● **Work task**:
The result should be the full listing copied exactly, with no pictures in it.

**** Material provided

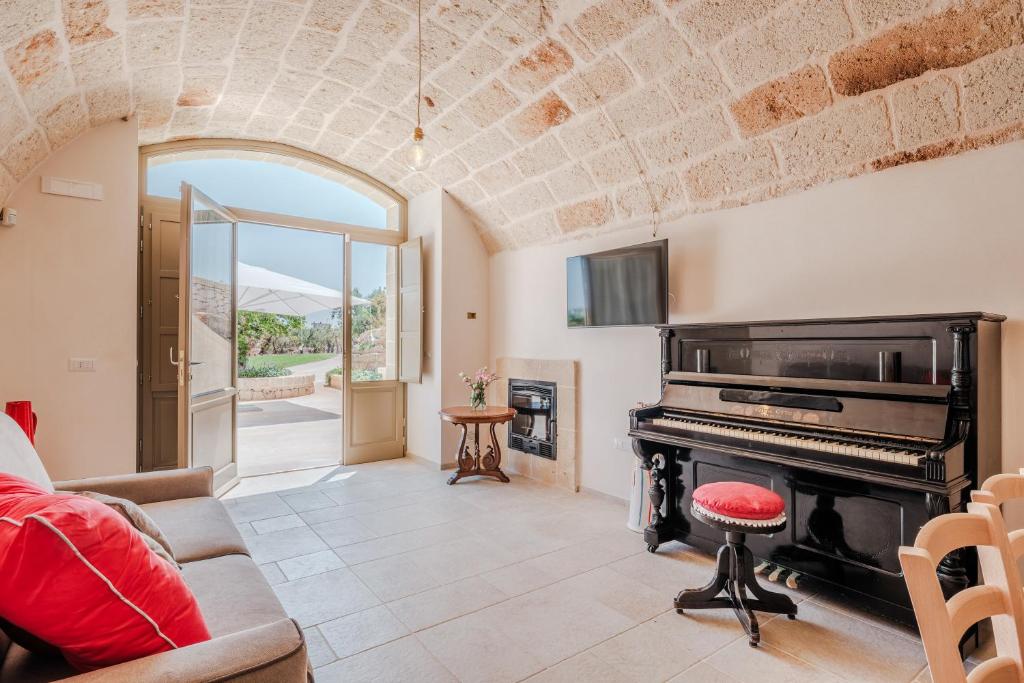 HelloAPULIA - Villa Gradone - Private Saltwater Pool & Olive Garden - 3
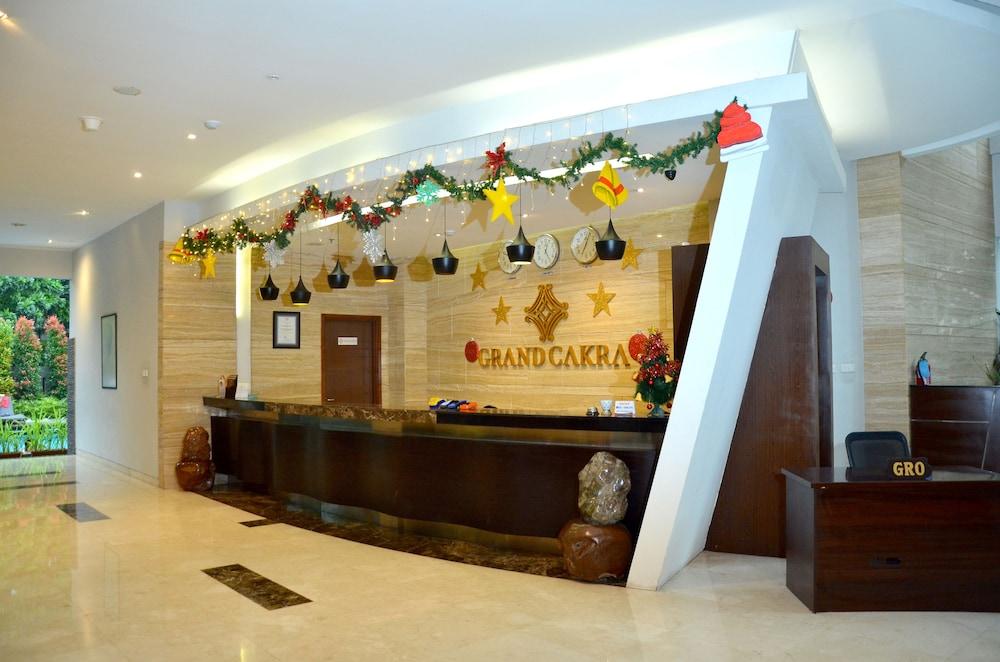 Grand Cakra Hotel Malang Esterno foto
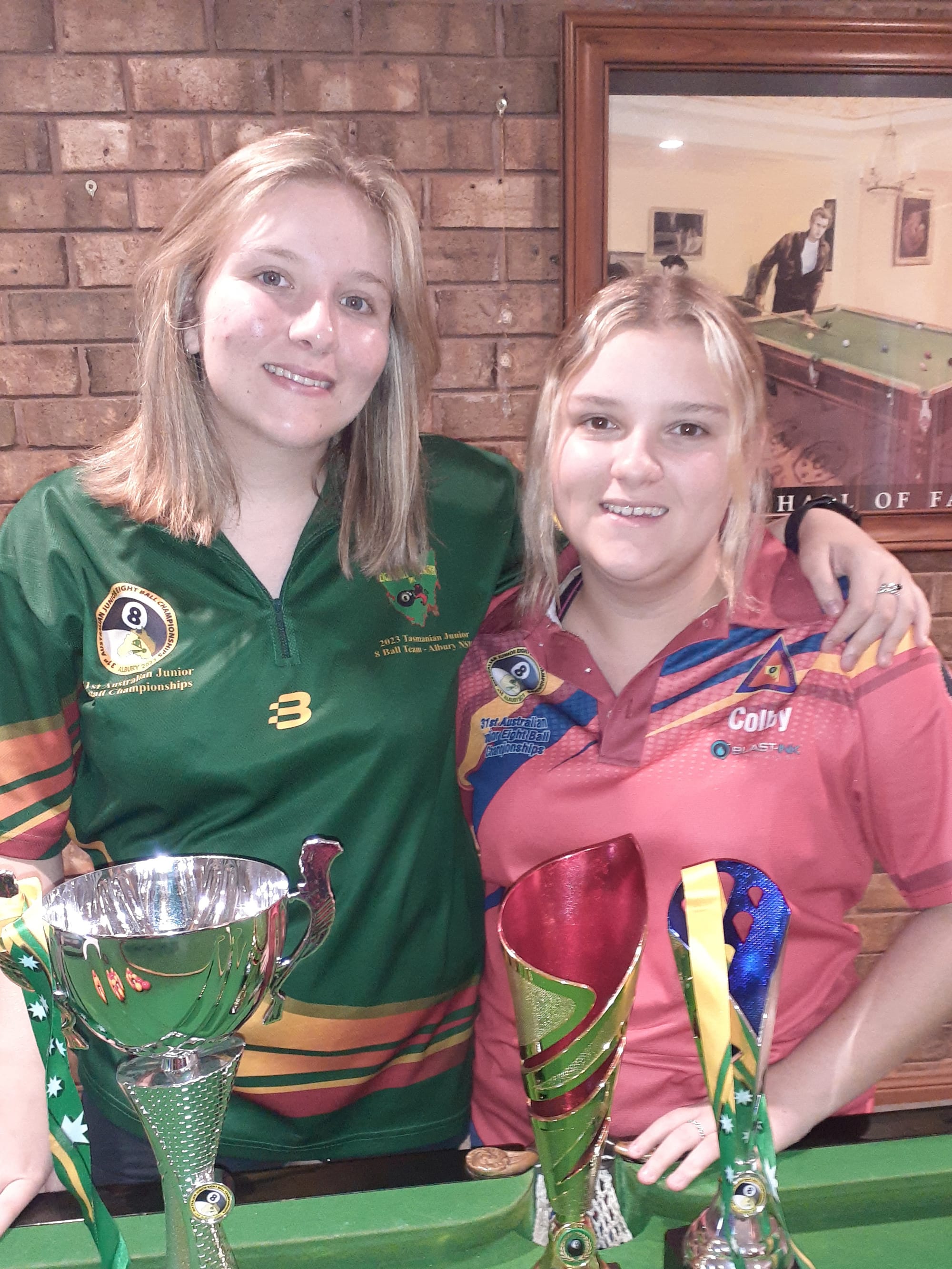 Riverland sisters pocket eightball honours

********

● **Task response**:
 HelloAPULIA - Villa Gradone - Private Saltwater Pool & Olive Garden - 3
 Grand Cakra Hotel Malang Esterno foto
 Riverland sisters pocket eightball honours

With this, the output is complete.